The amount of attached protein to the magnetic particles was determined by measuring protein content before and subsequent to immobilization in washing buffer solution. Protein content was estimated by the Bradford method [21] using bovine serum albumin as standard.
Sodium dodecyl sulfate–polyacrylamide gel electrophoresis (SDS–PAGE) was performed using Runblue SDS gel 4–20 % from Expedeon (Cambridgeshire, UK). Protein samples were prepared by adding 5 % v/v mercaptoethanol and 1/4 vol 4× LDS sample buffer accompanied by heating at 95 °C for 10 min. The gel was stained by Coomassie Brilliant Blue (CBB R-250), destained, and subsequently scanned using CanonScan D660U (Canon Inc., Tokyo, Japan).
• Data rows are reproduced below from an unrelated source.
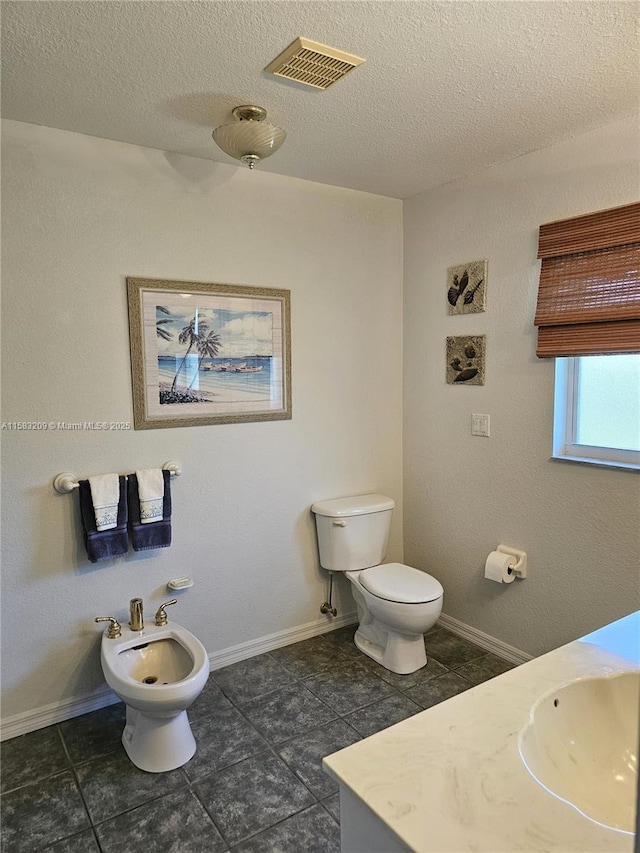 bathroom featuring a bidet, vanity, toilet, and a textured ceiling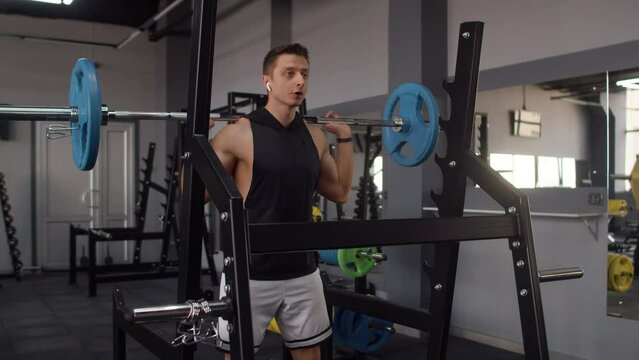 Man of athletic build in sportswear and headphones trains at gym doing squats with barbell, front view. Man of athletic build trains in gym with barbell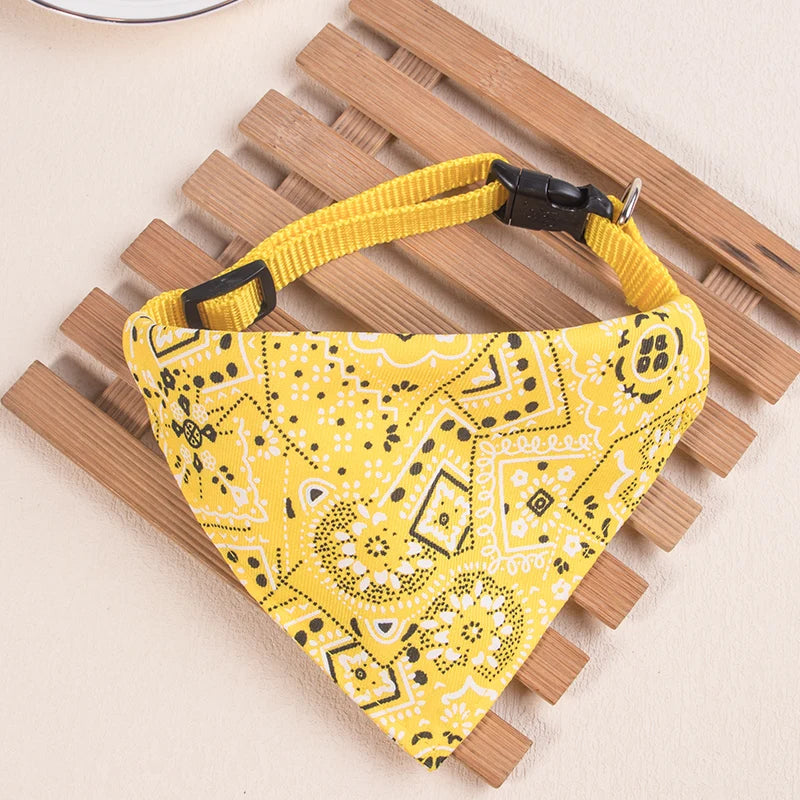 Yellow patterned adjustable pet scarf for dogs and kittens resting on a wooden surface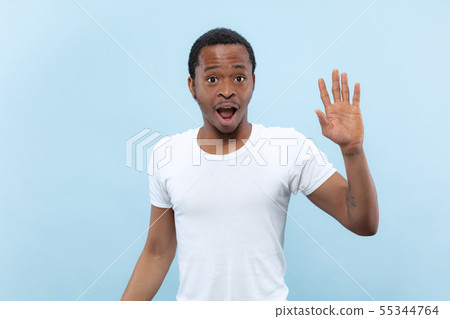 Half-length close up portrait of young man on blue background. Half-length close up portrait of young man on blue background. 55344764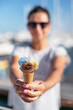 HHappy, smiling woman holding ice cream cone with colorful ice cream balls. Sunny sea coastline at the background.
Characterization of Temperature Optimum, Thermal Stability, and Enzyme Kinetics
From the trials described above, M-Cyanuric particles were chosen for further characterization studies. Temperature optimum for free and immobilized β-glucosidase was determined within the temperature range of 40–80 °C. Thermal stability was examined by incubating free and immobilized β-glucosidase at 65 °C from 0 to 5 h. Aliquots were taken from the samples at different time intervals and subsequently assayed according to the described PNPG assay. Michaelis–Menten kinetics of free and immobilized β-glucosidase were determined by monitoring the initial hydrolysis rate of PNPG at concentrations within the range of 0.1–10 mM. K m and V max for free and immobilized were determined by Lineweaver–Burk plot.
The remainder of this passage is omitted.